На штурманских часах, установленных в кабинете, часовая стрелка приближалась к двадцати одному. Этот час вместе с фамилией «Хариохина» записан красным карандашом на календарном листке.
«Наверняка опять о жилплощади», — подумал Михайлов, перечитывая фамилию со странными сочетаниями гласных и согласных.
Аннушка не весьма уверенно поднималась по широкой лестнице под невозмутимыми взглядами часовых,
на этот раз свободно пропустивших ее. Морячки как на подбор. Под ногами широкая ковровая дорожка — дорогая вещь, на кой шут ее тут стелить? Тишина. Пишут небось, пишут, аж перья пищат, и по телефонам разговаривают. Тоже житуха не веселая. Их бы на стройку, под ветерок, под хлесткий дождик! Ишь какой бледный вьюноша глядит на нее и не мигает. Да не стеклянные ли глаза у него, язви его душу? Ах ты, не узнала! Да ведь это тот самый лейтенантик адмиральский со впалыми щеками. Кормят его, что ли, плохо или кому отдает свой паек?Адъютант, конечно, не догадывался, о чем думает просительница, медленно, но с уверенностью поднимавшаяся по ступенькам. Он встретил ее приветливо, руки не подал, только козырнул.

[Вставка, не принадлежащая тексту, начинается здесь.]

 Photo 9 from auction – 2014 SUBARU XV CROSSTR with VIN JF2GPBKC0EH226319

— Раздеться бы? — Аннушка расстегнула пуговицы дешевого пальтишка, повидавшего за свою семисезонную службу и вёдро, и непогоду.

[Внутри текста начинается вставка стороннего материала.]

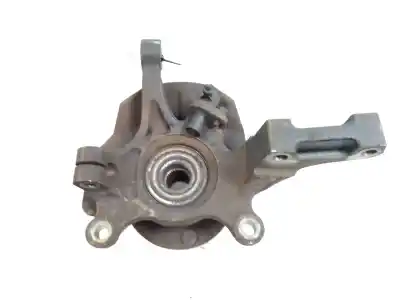 Second-hand car spare part front left knuckle for chevrolet lacetti se oem iam references 96454297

— Пальто снимете в приемной, — сказал адъютант и открыл высокую дверь, пропустив Аннушку впереди себя.
Пальто предупредительный адъютант повесил рядом с адмиральским макинтошем.
— Никак, холостые? — добродушно спросила Аннушка адъютанта. — Вон как приплясываете возле женских вещичек…

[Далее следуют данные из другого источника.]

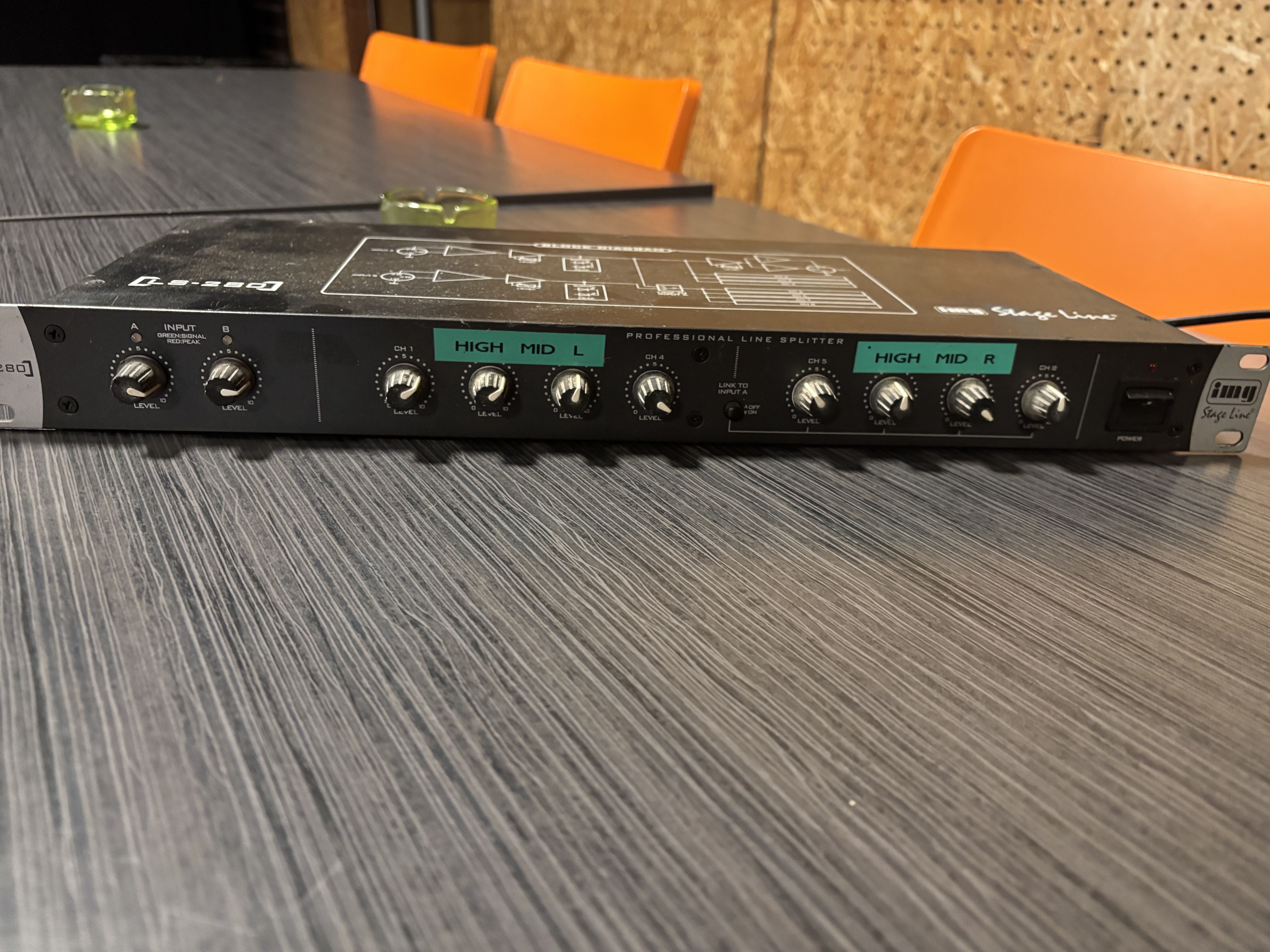 Stage Line - LS-280/SW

Сидевший у столика главстаршина с повязкой дежурного фыркнул.
Аннушка сунула платок в рукав пальто и поправила у зеркала густые светлые волосы.
— Куда идти?
— Прошу.
Раскрылась вторая дверь со стеклянной дощечкой и латунными шляпками гвоздей по черному дерматину. И перед Аннушкой предстал тот, к кому она так долго и безуспешно стремилась.
— Здравствуйте! — Радушие адмирала окончательно поразило бесхитростное сердце каменщицы. Кресло под чехлом, белым как снег, чернильница и та какая-то особенная, похожа на глубинные мины, и даже карандаши в снарядной никелированной гильзе. Не выпуская мягкой и теплой руки адмирала, Аннушка смотрела на него широко раскрытыми, милыми глазами.
— Садитесь! Гостьей будете…
— Спасибо, — опамятовавшись, поблагодарила Аннушка и с подчеркнутым достоинством села в кресло.
— Чем могу служить?
— Я не по личному делу, товарищ адмирал. Служите кому служите, а лично мне от вас ничего не нужно. Работы у меня, да и у всей бригады, хватает, платят аккуратно пятого и двадцатого, барак — сухой, топливом и всем прочим обеспечены.
— Замечательно! — воскликнул адмирал. — За последнее время редко приходится принимать таких посетителей. Другие прямо с порога: крыша течет, спим вповалку, топить нечем, с водой мучаемся!
— Этого тоже хватает, — согласилась Аннушка. — Ежели закорневиться в вашем городе, тогда без воды даже тонкой ветки не вырастишь. Мы тут временные, товарищ адмирал. Сами елецкие. Сложим вам город и пойдем дальше, куда трест пошлет. Не в этом дело… — Аннушка для большей задушевности беседы хотела ближе придвинуть кресло, но оно стояло как привинченное. — Вообще, товарищ адмирал, с жильем очень туго. Развалка в городе, землянка в деревне. Разницы нет. По радио передавали: из землянок надо всех вызволить, к нам, к строителям, обращались с призывом… Вы, случаем, Чумаковых не знаете, товарищ адмирал?
Михайлов откинулся в кресле, засмеялся, поднял многозначительно вверх черные густые брови, а указательный палец положил на краешек стола, покрытого прозрачным куском авиационного небьющегося стекла. Казалось, разгадав незамысловатую хитрость этой милой каменщицы, он сам почувствовал облегчение.
— С того бы и начинала, Хариохина. О Чумаковых все знаем!
— Знаете? Неужто все? — Мелкие росинки пота показались у нее на верхней губе. Заглохшие к зиме веснушки от сильного волнения выступили яркими пятнами возле вздернутого носа и на свежих ее щеках, сохранивших еще чисто девичью округлость.